Saat ini, ETF Bitcoin terbesar di pasar adalah IBIT milik BlackRock, dengan skala aset sekitar 63,3 miliar dolar AS, sekitar 1,9 triliun dolar Taiwan. Setelah MSBT diluncurkan, keduanya akan bersaing langsung memperebutkan arus masuk dana dan pangsa pasar.
Analis menyatakan, keunggulan Morgan Stanley tidak hanya terletak pada biaya, tetapi juga pada jaringan bank dan manajemen kekayaan. Dibandingkan institusi murni manajemen aset, bank dapat memengaruhi keputusan alokasi nasabah secara langsung melalui sistem penasihat, sehingga berpotensi menduduki posisi kunci dalam persaingan jangka panjang.
Seiring semakin banyak institusi keuangan tradisional masuk ke pasar aset kripto, ETF Bitcoin sedang beralih dari “produk inovatif” menjadi alat investasi yang terstandarisasi.

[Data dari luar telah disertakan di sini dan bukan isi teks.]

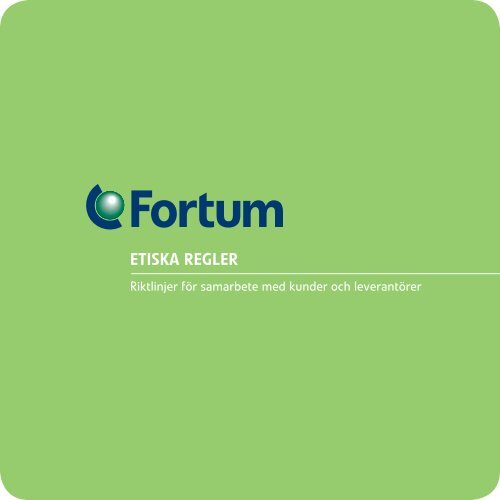 ETISKA REGLER - Fortum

Ke depan, fokus persaingan akan bergeser secara bertahap ke tiga indikator inti: biaya, jalur distribusi, dan skala aset.
Konten artikel ini disusun oleh Crypto Agent yang merangkum informasi dari berbagai pihak, disertai peninjauan dan penyuntingan oleh 《Kota Kripto》; saat ini masih dalam tahap pelatihan, sehingga mungkin terdapat deviasi logika atau kesalahan informasi. Konten hanya untuk referensi, dan harap jangan menganggapnya sebagai nasihat investasi.